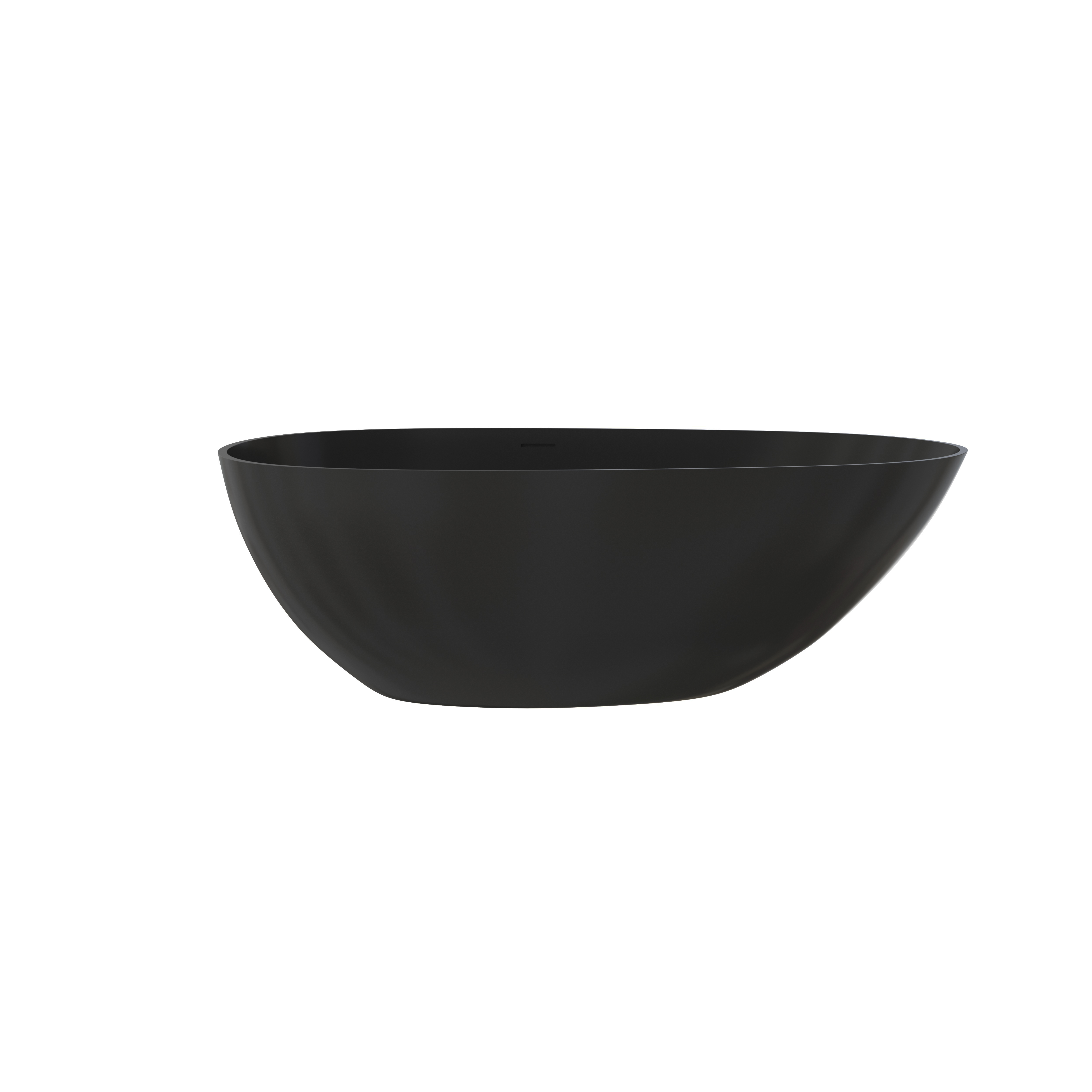 Matte Black + Solid Surface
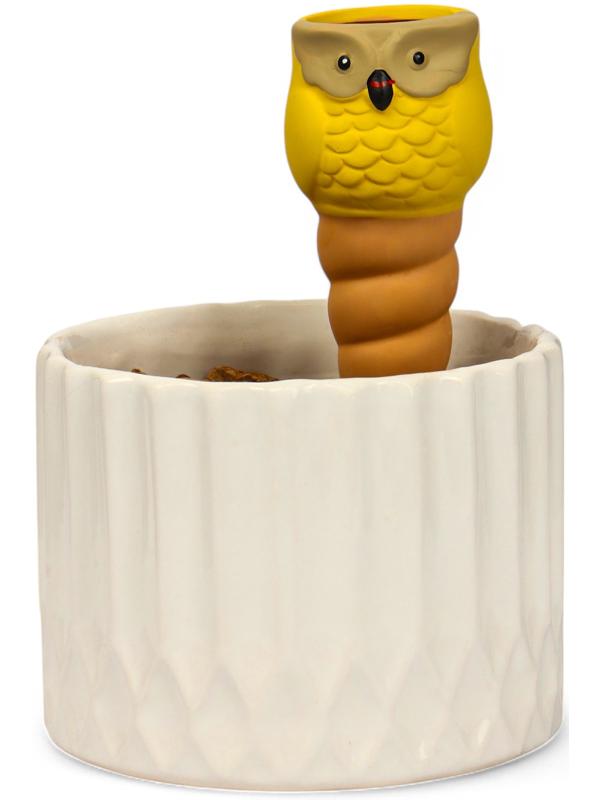 Ороситель «Совушка», 16×6 см, цвет МИКС, набор 4 шт.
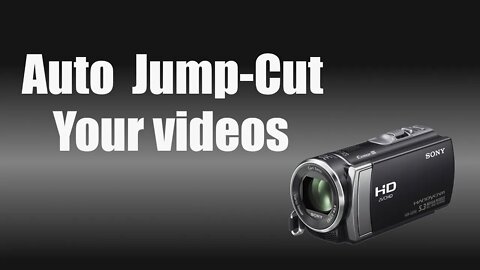 How to Automatically Jump Cut your videos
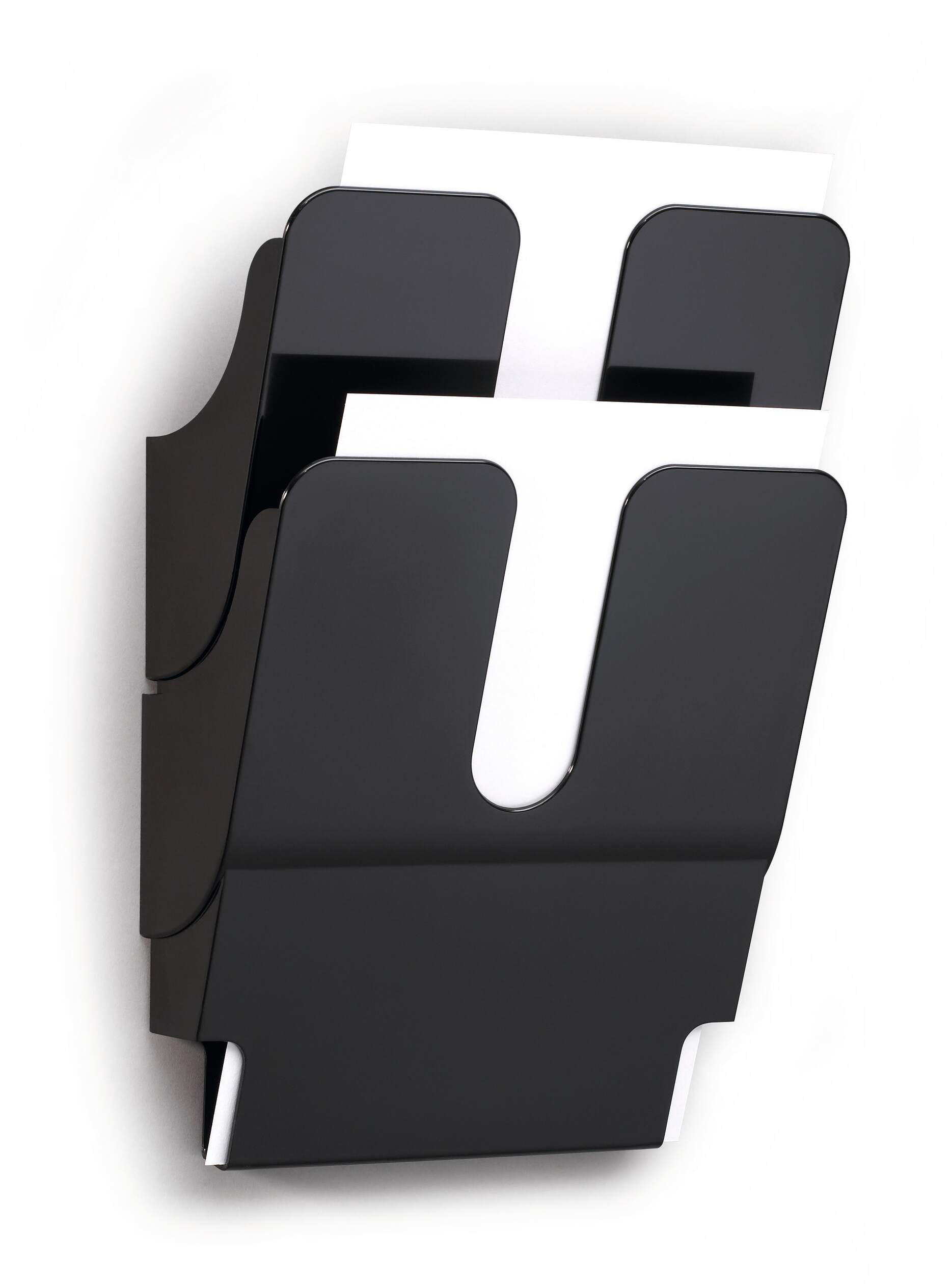 Durable FLEXIPLUS 2 Wall Mounted Literature Holder | A4 Portrait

→ **Exercise**:
Only the listing above, set down exactly and without pictures, belongs in the answer.

→ **Your solution**:
 Matte Black + Solid Surface
 Ороситель «Совушка», 16×6 см, цвет МИКС, набор 4 шт.
 How to Automatically Jump Cut your videos
 Durable FLEXIPLUS 2 Wall Mounted Literature Holder | A4 Portrait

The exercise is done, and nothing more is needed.